Mira menyadari bahwa keluarga sekarang menjadi prioritas. Sebab, bapaknya selain sering sakit-sakit ia tidak bisa mengirimkan nafkah bahkan sudah beberapa bulan yang lalu semenjak adanya pandemi virus Covid-19.
“Gio, mungkin saat ini aku harus melupakan impianku sedikit demi sedikit. Aku sadar Gio bahwa keluarga merupakan prioritas untuk saat ini. Lagi pula impianku kan tidak terpaut sama cita-citaku sebagai guru juga. Bisa saja Tuhan menyiapkan impian yang besar yang lebih baik daripada impianku” tulis pesan Mira kepada Gio via WhatsApp.
“Apapun keputusannya aku selalu dukung. Iya mungkin Tuhan sedang menyiapkan impian yang jauh lebih besar dibandingkan impian yang kamu inginkan. Kamu harus bisa sabar ya Mir, kamu adalah satu-satunya perempuan kuat yang aku miliki selain mamaku Mir.”

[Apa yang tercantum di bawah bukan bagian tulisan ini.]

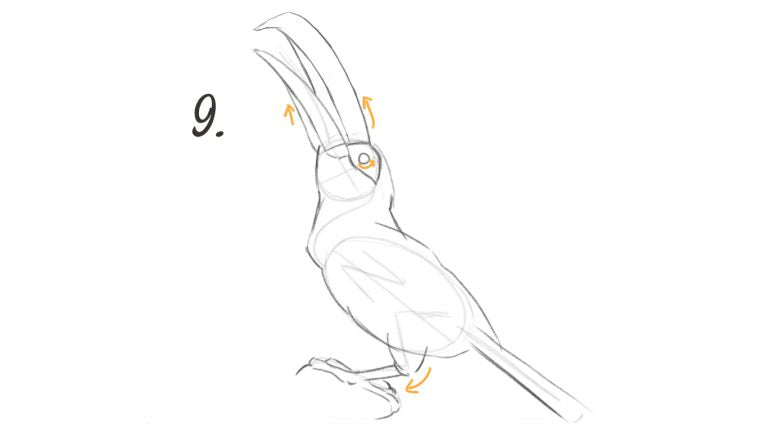Draw how the beak attaches to the skull which is unique to every bird.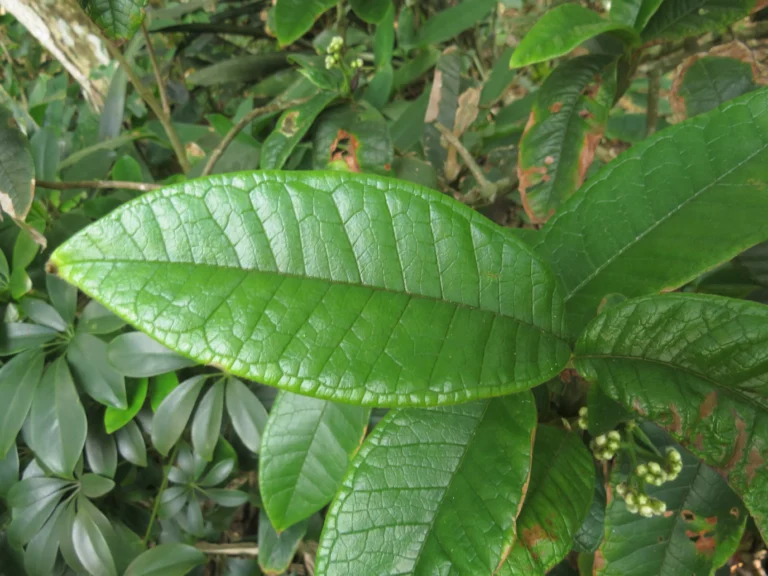 Myrcia hebepetala (7)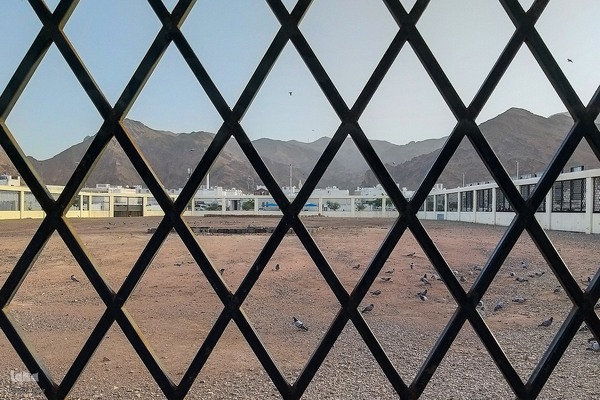 زیارت دوره زائران در مدینه منوره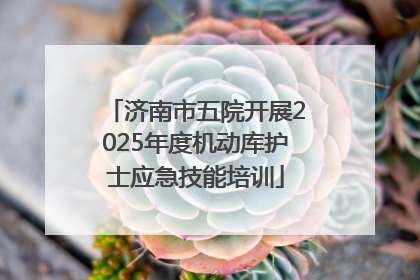济南市五院开展2025年度机动库护士应急技能培训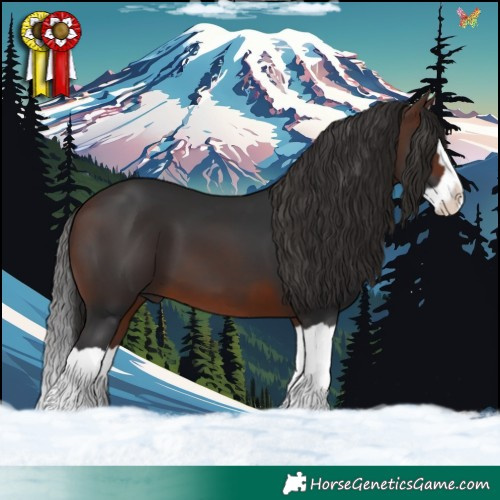 Horse Color:Brown Splash 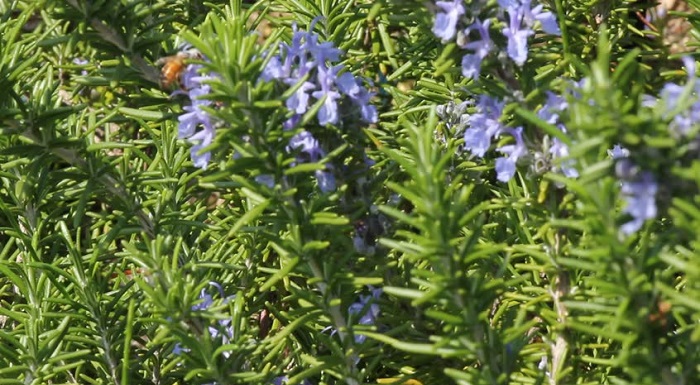 Rosemary Improve Your Memory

Balasan pesan dari Gio, membuat Mira merasa jauh lebih tenang.
“Memang benar, sahabat terbaikku saat ini hanyalah cermin dan Gio. Jika mereka tidak ada. Aku tak tahu bagaimana aku bisa menyelesaikan masalah dengan dingin seperti Gio. dan bahkan hanya dengan bercermin dihadapan barang mati sekalipun membuatku bisa menyadari kehidupanku selama ini. Cermin yang membuatku menampar dan bisa membuatku lebih menempatkan diri sebagai manusia yang senantiasa harus bersyukur.” Gumamnya dengan ikhlas.
Keputusan Mira untuk tidak mendaftar kuliah merupakan keputusan yang tepat. Karena banyak pertimbangan yang menjadikan Mira harus merelakan impiannya. Salah satunya adalah untuk memperbaiki keuangan keluarga. Ia menyadari bahwa saat ini ia belum bisa kuliah. Tapi bukan berarti nanti dia tidak menajdi orang yang berhasil. Banyak jalan menuju kesuksesan. Banyak cara untuk menjadi seorang yang besar. Mira merasa sangat bersyukur memiliki cermin sebagai saksi bisu persambatannya dan juga Gio sebagai penenang dan selalu ada buat Mira.